Download the parsed output from GET /result/{job_id} in JSON, markdown, or plain text.

Next Quick start →

Quick start

Parse your first PDF in three steps.

1

Get an API key

Sign up and grab a key from the API keys dashboard. Free accounts get 100 pages per month.

2

Submit a PDF

POST your file to /parse. The API returns a job_id immediately — parsing happens in the background.

# Upload your PDF
curl -X POST https://docule.dev/api/v1/parse \
  -H "X-API-Key: YOUR_KEY" \
  -F "file=@report.pdf"

# Response (HTTP 202)
{
  "job_id": "20260407_120530_a1b2c3d4e5f6g7h8",
  "status": "queued",
  "created_at": "2026-04-07T12:05:30.123Z",
  "message": "Job submitted. Poll GET /api/v1/status/{job_id}"
}

3

Poll status, then download the result

Poll the status endpoint until status is "completed", then fetch the parsed output.

# Poll until completed
curl https://docule.dev/api/v1/status/JOB_ID \
  -H "X-API-Key: YOUR_KEY"

# Download the parsed result
curl https://docule.dev/api/v1/result/JOB_ID?format=json \
  -H "X-API-Key: YOUR_KEY"

That's it. Continue to the Python or cURL examples for a full end-to-end script.

Previous ← Introduction Next Authentication →

Authentication

Authenticate every request with your API key.

All API requests require an API key passed via the X-API-Key HTTP header.

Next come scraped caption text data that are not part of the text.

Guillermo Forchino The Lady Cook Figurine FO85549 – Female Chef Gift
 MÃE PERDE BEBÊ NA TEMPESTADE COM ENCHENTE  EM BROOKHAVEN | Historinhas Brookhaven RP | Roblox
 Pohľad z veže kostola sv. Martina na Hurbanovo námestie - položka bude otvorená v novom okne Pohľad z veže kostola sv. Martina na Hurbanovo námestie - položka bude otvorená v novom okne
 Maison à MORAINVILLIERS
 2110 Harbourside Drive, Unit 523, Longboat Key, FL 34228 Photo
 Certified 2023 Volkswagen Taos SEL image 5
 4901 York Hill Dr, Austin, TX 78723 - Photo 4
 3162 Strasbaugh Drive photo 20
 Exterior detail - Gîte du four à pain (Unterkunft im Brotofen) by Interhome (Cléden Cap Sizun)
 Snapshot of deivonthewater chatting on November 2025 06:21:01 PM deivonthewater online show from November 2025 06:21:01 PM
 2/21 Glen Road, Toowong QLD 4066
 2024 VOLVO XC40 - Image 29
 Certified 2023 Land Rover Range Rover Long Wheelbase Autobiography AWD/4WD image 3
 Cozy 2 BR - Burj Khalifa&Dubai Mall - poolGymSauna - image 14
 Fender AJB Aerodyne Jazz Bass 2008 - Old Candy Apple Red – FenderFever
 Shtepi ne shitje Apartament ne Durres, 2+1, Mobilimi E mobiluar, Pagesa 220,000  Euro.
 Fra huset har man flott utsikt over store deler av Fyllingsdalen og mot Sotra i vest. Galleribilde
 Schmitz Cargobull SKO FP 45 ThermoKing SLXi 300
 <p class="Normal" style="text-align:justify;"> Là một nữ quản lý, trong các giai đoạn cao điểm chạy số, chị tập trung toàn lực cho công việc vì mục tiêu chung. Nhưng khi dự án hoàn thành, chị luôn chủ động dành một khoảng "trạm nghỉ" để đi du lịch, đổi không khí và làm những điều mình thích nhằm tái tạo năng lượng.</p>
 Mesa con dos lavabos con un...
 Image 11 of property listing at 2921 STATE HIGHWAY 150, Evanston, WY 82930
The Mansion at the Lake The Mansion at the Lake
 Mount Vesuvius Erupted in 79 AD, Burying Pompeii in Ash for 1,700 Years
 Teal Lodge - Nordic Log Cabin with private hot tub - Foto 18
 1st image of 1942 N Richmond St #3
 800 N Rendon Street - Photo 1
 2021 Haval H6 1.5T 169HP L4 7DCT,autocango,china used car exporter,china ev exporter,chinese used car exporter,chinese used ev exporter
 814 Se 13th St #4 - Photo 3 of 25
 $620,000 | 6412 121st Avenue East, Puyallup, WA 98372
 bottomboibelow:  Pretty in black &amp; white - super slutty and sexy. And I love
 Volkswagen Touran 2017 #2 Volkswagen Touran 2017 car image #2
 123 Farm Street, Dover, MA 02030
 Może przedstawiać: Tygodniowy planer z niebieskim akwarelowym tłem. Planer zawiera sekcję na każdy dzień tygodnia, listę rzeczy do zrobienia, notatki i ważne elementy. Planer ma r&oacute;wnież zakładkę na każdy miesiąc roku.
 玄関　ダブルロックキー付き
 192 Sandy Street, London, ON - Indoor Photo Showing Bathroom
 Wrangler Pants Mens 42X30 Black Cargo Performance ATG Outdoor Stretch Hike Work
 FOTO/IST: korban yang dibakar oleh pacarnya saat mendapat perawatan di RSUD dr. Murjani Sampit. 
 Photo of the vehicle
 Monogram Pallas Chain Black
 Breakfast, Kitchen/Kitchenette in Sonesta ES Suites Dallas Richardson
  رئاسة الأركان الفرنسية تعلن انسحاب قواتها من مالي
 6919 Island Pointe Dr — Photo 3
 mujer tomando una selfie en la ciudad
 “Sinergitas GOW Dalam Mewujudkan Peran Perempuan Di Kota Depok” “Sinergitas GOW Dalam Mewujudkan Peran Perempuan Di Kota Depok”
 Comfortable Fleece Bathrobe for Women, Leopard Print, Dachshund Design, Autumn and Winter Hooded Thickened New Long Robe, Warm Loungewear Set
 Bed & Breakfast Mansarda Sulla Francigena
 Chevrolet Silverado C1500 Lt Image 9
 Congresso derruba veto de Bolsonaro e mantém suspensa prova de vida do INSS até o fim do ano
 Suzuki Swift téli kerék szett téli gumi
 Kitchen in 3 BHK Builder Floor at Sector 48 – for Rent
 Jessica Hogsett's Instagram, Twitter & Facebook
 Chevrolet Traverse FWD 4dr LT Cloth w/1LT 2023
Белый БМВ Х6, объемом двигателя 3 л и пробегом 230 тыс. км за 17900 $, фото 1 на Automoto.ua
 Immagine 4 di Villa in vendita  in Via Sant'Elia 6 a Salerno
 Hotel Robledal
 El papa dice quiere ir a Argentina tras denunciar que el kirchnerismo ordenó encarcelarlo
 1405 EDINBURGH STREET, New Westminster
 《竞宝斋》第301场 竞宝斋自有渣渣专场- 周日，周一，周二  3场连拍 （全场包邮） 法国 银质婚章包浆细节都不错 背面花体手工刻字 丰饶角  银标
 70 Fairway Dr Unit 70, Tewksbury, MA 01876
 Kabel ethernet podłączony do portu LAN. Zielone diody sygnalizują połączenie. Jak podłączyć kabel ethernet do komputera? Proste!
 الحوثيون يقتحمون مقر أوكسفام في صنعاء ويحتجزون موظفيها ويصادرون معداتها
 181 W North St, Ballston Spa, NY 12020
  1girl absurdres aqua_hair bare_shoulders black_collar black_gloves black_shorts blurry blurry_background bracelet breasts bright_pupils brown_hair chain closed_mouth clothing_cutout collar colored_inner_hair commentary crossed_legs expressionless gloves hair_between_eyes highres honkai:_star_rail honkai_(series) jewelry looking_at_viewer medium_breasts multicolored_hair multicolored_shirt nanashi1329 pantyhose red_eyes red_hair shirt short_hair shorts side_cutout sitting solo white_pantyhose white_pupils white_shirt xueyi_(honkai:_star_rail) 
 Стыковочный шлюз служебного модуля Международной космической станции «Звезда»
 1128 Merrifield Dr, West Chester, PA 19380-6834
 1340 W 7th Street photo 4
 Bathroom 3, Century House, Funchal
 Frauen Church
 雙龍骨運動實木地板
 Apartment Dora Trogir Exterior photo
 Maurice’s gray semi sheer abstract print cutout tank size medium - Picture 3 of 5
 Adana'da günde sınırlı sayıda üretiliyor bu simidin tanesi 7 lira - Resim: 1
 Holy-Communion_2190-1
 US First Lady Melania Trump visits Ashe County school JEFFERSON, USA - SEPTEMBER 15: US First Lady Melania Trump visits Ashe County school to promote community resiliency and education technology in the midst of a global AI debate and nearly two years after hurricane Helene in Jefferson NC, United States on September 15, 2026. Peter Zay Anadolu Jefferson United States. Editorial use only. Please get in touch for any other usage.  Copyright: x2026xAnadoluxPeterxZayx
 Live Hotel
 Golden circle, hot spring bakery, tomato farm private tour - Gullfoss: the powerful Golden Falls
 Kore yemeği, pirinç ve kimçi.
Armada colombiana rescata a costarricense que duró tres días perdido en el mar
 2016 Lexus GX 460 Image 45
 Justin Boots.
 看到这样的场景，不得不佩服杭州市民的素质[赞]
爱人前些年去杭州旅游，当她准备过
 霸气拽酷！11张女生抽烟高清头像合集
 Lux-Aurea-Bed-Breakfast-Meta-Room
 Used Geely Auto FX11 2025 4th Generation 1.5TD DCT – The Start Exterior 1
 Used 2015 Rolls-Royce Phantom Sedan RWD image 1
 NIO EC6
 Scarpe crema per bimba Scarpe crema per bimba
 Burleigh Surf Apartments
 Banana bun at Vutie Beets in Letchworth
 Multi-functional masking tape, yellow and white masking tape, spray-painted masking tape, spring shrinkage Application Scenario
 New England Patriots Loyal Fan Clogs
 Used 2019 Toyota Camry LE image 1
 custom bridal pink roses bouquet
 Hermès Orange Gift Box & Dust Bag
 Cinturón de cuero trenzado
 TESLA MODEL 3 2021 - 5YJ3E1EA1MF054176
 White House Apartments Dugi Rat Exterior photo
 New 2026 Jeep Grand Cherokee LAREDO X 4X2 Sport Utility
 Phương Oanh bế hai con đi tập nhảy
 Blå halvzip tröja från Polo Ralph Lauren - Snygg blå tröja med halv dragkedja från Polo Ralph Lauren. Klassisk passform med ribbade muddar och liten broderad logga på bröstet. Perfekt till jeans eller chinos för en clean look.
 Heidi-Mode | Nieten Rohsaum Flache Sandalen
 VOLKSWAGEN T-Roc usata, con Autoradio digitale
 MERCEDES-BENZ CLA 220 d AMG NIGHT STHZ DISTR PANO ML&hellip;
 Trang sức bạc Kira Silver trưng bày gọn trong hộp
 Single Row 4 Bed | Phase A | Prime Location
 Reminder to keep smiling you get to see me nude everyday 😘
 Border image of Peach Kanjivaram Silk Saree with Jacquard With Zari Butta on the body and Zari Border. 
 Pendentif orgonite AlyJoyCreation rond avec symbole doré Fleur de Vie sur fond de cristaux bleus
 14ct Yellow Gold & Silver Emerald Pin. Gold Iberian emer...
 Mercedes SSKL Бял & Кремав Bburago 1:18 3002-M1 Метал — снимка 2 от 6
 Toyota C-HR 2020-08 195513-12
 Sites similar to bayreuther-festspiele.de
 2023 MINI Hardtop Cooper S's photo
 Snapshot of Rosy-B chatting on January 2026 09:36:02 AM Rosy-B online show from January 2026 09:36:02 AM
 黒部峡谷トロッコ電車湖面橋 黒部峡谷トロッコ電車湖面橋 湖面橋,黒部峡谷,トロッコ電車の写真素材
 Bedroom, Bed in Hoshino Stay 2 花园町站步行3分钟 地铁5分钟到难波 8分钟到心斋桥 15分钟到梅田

curl https://docule.dev/api/v1/health \
  -H "X-API-Key: pp_live_your_key_here"

Getting your key

After signing up, generate a key from the API keys dashboard. You can create multiple keys and revoke them at any time.

Keep your key secret

Your API key grants full access to your account's parsing quota. Treat it like a password:

Never commit keys to git or paste them into client-side code.
Use environment variables in production.
Rotate keys if you suspect compromise.

Errors

Code	Meaning
`401`	Missing or invalid `X-API-Key` header
`403`	No active subscription

Previous ← Quick start Next Parse a document →

Parse a document

POST /api/v1/parse

Upload a PDF for parsing. Returns a job ID for status polling.

Processing is asynchronous — you'll get a job_id back immediately, then poll /status until the job completes.

Request

Send the PDF as multipart/form-data. All other parameters are optional query strings:

Parameter	Type	Default	Description
`file`	file	—	Required. PDF file to parse. Max 50 MB.
`formats`	query string	`json,md`	Comma-separated output formats: `json`, `md`, `txt`
`no_vision`	query bool	`false`	Disable vision API calls (faster, lower quality for complex pages)
`force_vision`	query bool	`false`	Force vision processing for every page (higher quality, higher cost)
`document_type`	query string	`auto`	Document type: `auto`, `report`. Legacy aliases `invoice`/`contract` are accepted.
`include_page_markers`	query bool	`false`	Add explicit page markers to markdown/text outputs (e.g. `START OF PAGE` / `END OF PAGE`).
`include_source_metadata`	query bool	`false`	Include `source_path` in JSON output.
`include_document_metadata`	query bool	`false`	Include extracted `document_metadata` in JSON output.
`include_page_metadata`	query bool	`false`	Include page-level metadata in JSON (page number/type, links, dimensions, header/footer).
`include_item_metadata`	query bool	`false`	Include item-level metadata in JSON (bbox, section fields, table quality fields).
`include_processing_metadata`	query bool	`false`	Include processing metadata in JSON (`total_processing_time_ms`, `api_calls_made`, `estimated_cost_usd`).

Response (HTTP 202)

{
  "job_id": "20260407_120530_a1b2c3d4e5f6g7h8",
  "status": "queued",
  "created_at": "2026-04-07T12:05:30.123Z",
  "message": "Job submitted. Poll GET /api/v1/status/{job_id}"
}

Limits

Maximum file size: 50 MB
Maximum concurrent jobs: 1 per user (returns HTTP 429 if exceeded)
Monthly page quota varies by plan — see rate limits

Previous ← Authentication Next Check job status →

Check job status

GET /api/v1/status/{job_id}

Poll for job progress and quality metrics.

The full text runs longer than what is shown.